Red Zone

The Chiefs and NFL by beat writers Randy Covitz and Terez Paylor

Possibility that Chiefs could draft a quarterback is nothing new

05/05/2014 1:36 PM

05/05/2014 4:29 PM

Over the past few days, ESPN’s Chris Mortensen and NFL.com’s Ian Rapoport — a pair of respected national reporters — caused a bit of a stir by saying the Chiefs could be interested in drafting a quarterback.

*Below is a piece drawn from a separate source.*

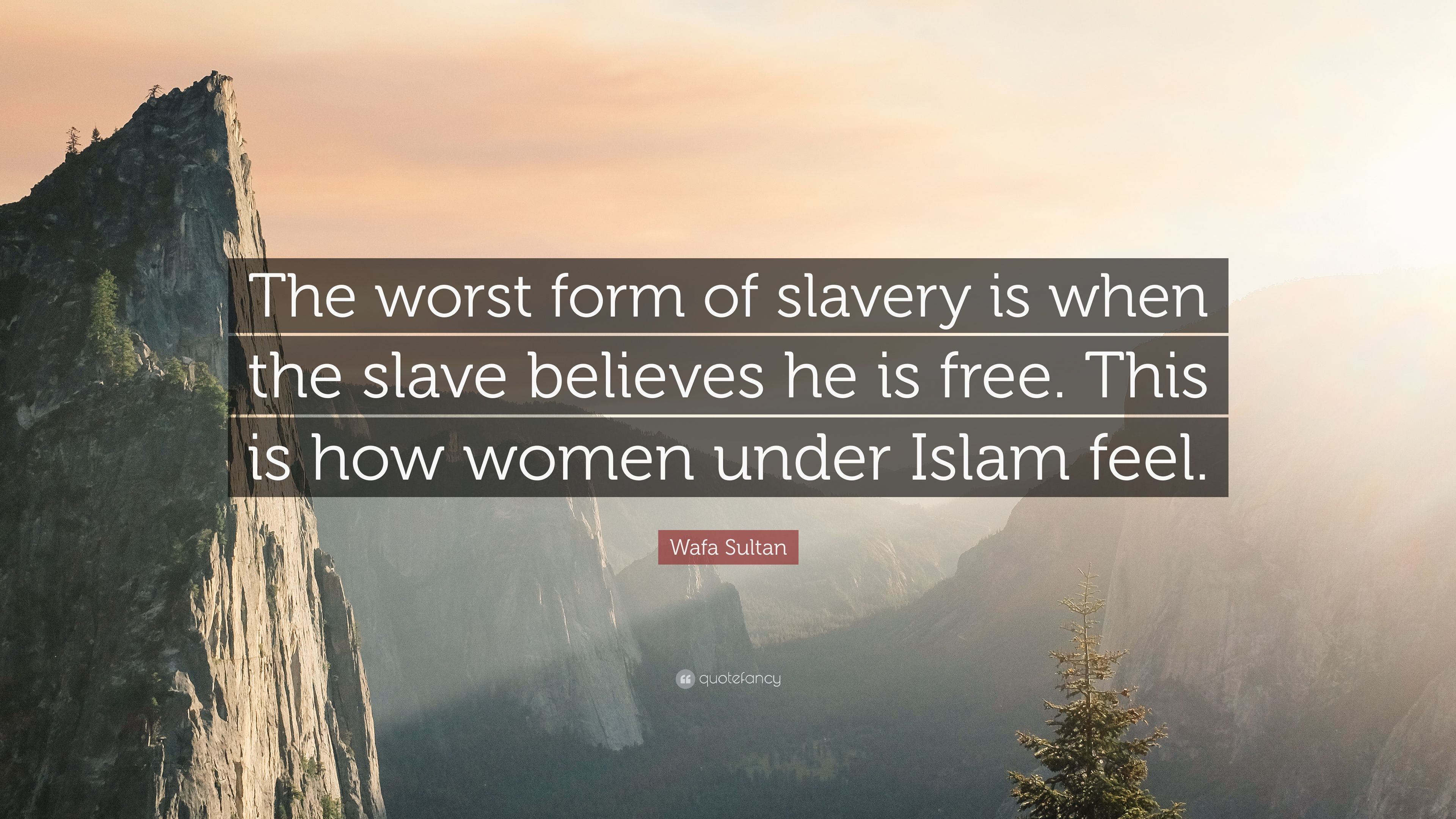 Wafa Sultan Quote: “The worst form of slavery is when the slave believes he is free. This is how women under Islam feel.” (12 wallpaper)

I wrote about this possibility well over a week ago in

my quarterback story for our NFL Draft preview series, and I also covered it in my draft primer

in Sunday’s Star.

The reason I’ve written about this is because I do believe it’s possible the Chiefs will take a quarterback in the first round of the NFL Draft on Thursday. I believe Andy Reid and offensive coordinator Doug Pedersen can absolutely get the most out of the likes of Teddy Bridgewater, Johnny Manziel or Derek Carr, and by drafting one of them, there’s a potential for enormous cap savings there over the next four years. Alex Smith was very good last year, but he will sign a lucrative extension if he returns.

But is it

likely the Chiefs will take a quarterback? I believe it isn’t. Like it or not, the Chiefs surrendered two very valuable second-round picks for Smith. If they draft a quarterback in the first round, it’s essentially a waste of both picks. That’s why I believe it’s more likely

the Chiefs will take a quarterback in the mid-to-late rounds. Like I’ve been writing, someone like Aaron Murray fits the Chiefs’ offense.

I also wouldn’t be surprised to see the Chiefs orchestrate some sort of draft-day trade. But I believe it’s far more likely they trade down than trade up. They only have six picks in a deep draft and they have plenty of holes. Trading up would likely require them to give up their third-round pick. I think they’ll be trying to acquire more top-100 picks, not give them up.

Remember guys, this is draft week. That means smokescreens abound. The Chiefs’ interest in a quarterback could also be tied to a desire to put pressure on the Smith camp to agree to an extension and/or entice quarterback-needy teams in the second round to trade with them or ahead of them. Either way, the Chiefs win. If the Chiefs swing a trade down, they get extra picks. If a team trades ahead of them, a player at another position falls. The Chiefs would take either.